Biden’s historic declaration on Saturday infuriated its NATO ally Turkey, which has said the announcement had opened a “deep wound” in relations already strained over a host of issues.
In his first comments since Biden’s statement, Erdogan said “the wrong step” would hinder ties, advised the United States to “look in the mirror”, and added Turkey still sought to establish “good neigbourly” ties with Armenia.
“The U.S. president has made baseless, unjust and untrue remarks about the sad events that took place in our geography over a century ago,” Erdogan said after a cabinet meeting.
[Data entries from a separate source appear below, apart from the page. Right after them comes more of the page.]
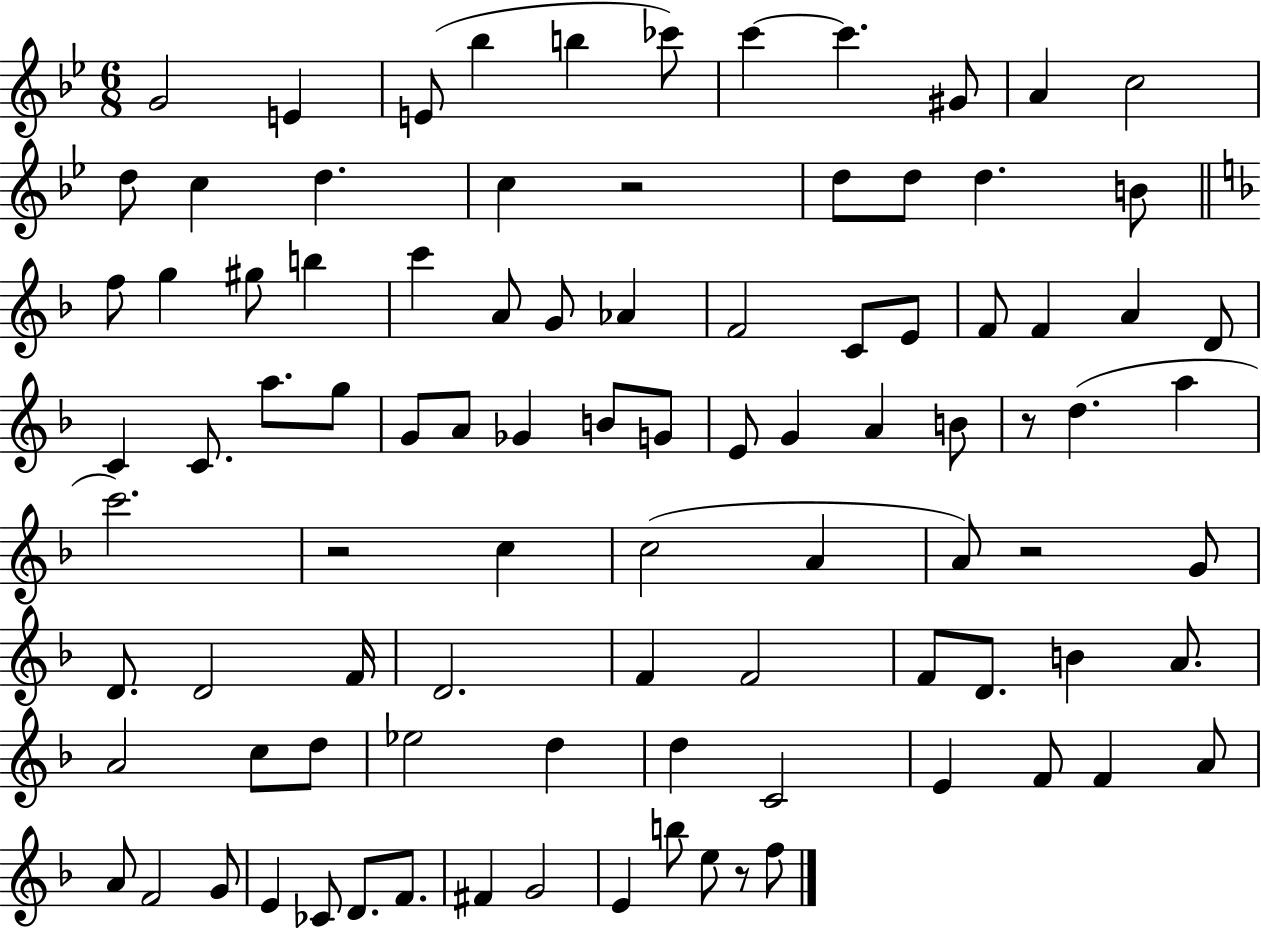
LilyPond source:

{
  \clef treble
  \numericTimeSignature
  \time 6/8
  \key bes \major
  g'2 e'4 | e'8( bes''4 b''4 ces'''8) | c'''4~~ c'''4. gis'8 | a'4 c''2 | \break d''8 c''4 d''4. | c''4 r2 | d''8 d''8 d''4. b'8 | \bar "||" \break \key d \minor f''8 g''4 gis''8 b''4 | c'''4 a'8 g'8 aes'4 | f'2 c'8 e'8 | f'8 f'4 a'4 d'8 | \break c'4 c'8. a''8. g''8 | g'8 a'8 ges'4 b'8 g'8 | e'8 g'4 a'4 b'8 | r8 d''4.( a''4 | \break c'''2.) | r2 c''4 | c''2( a'4 | a'8) r2 g'8 | \break d'8. d'2 f'16 | d'2. | f'4 f'2 | f'8 d'8. b'4 a'8. | \break a'2 c''8 d''8 | ees''2 d''4 | d''4 c'2 | e'4 f'8 f'4 a'8 | \break a'8 f'2 g'8 | e'4 ces'8 d'8. f'8. | fis'4 g'2 | e'4 b''8 e''8 r8 f''8 | \break \bar "|."
}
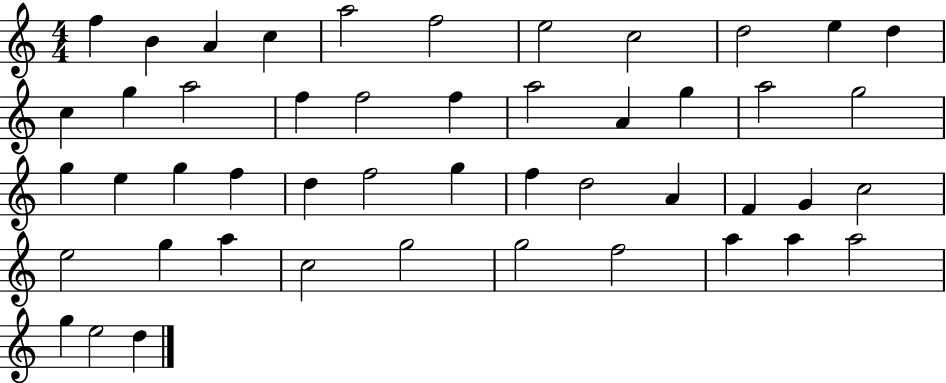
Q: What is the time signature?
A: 4/4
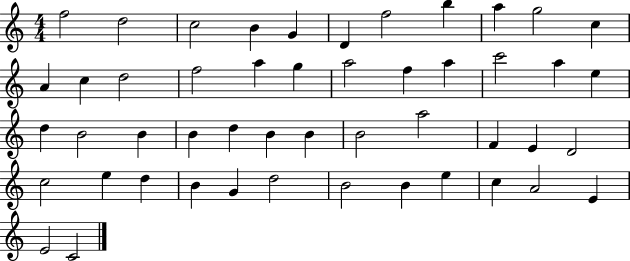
F5/h D5/h C5/h B4/q G4/q D4/q F5/h B5/q A5/q G5/h C5/q A4/q C5/q D5/h F5/h A5/q G5/q A5/h F5/q A5/q C6/h A5/q E5/q D5/q B4/h B4/q B4/q D5/q B4/q B4/q B4/h A5/h F4/q E4/q D4/h C5/h E5/q D5/q B4/q G4/q D5/h B4/h B4/q E5/q C5/q A4/h E4/q E4/h C4/h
He again called for Turkish and Armenian historians to form a joint commission to investigate the events.
“I hope the U.S. president will turn back from this wrong step as soon as possible.”
He slammed the United States for having failed to find a solution to the decades-old conflict between Azerbaijan and Armenia in Nagorno-Karabakh – where the United States, Russia and France were mediators – and said Washington had stood by as massacres unfolded.
“If you say genocide, then you need to look at yourselves in the mirror and make an evaluation. The Native Americans, I don’t even need to mention them, what happened is clear,” he said, in reference to the treatment of Native Americans by European settlers. “While all these truths are out there, you cannot pin the genocide accusation on the Turkish people.”
Turkey supported Baku in the conflict last year, in which Azeri forces seized swathes of lands in the Nagorno-Karabakh region. Baku has criticised Biden’s statement, while Yerevan has praised it.
Erdogan also contested the death toll from the 1915 killings and said some 150,000 people had been killed, as opposed to the roughly 1.5 million people Armenia says were killed, adding the toll was “exaggerated by adding a zero to the end.”
Turkey accepts that many Christian Armenians living in the Ottoman Empire were killed in clashes with Ottoman forces during World War One, but it contests the figures and denies that the killings were systematically orchestrated or constitute a genocide.
COMPARTMENTALISING ISSUES
Ankara and Washington have been struggling to repair ties, strained in recent years over several issues, including Turkey’s purchase of Russian defence systems which resulted in U.S. sanctions, policy differences in Syria, and legal matters.
On Sunday, Erdogan’s spokesman and national security adviser Ibrahim Kalin told Reuters the statement was “simply outrageous” and Turkey will respond over the coming months.
Speaking to reporters in Ankara, Turkey’s parliament speaker Mustafa Sentop said lawmakers would respond to Biden’s remarks on Wednesday.
Turkey’s government and most of the opposition have shown a rare unity in their rejection of Biden’s statement.
Erdogan said he expected to “open the door for a new period” in ties and to discuss all disputes with Biden at a NATO summit in June, but warned that ties would deteriorate further unless the allies can compartmentalise issues.
“We now need to put aside our disagreements and look at what steps we can take from now on, otherwise we will have no choice but to do what is required by the level our ties have fallen to on April 24,” he said.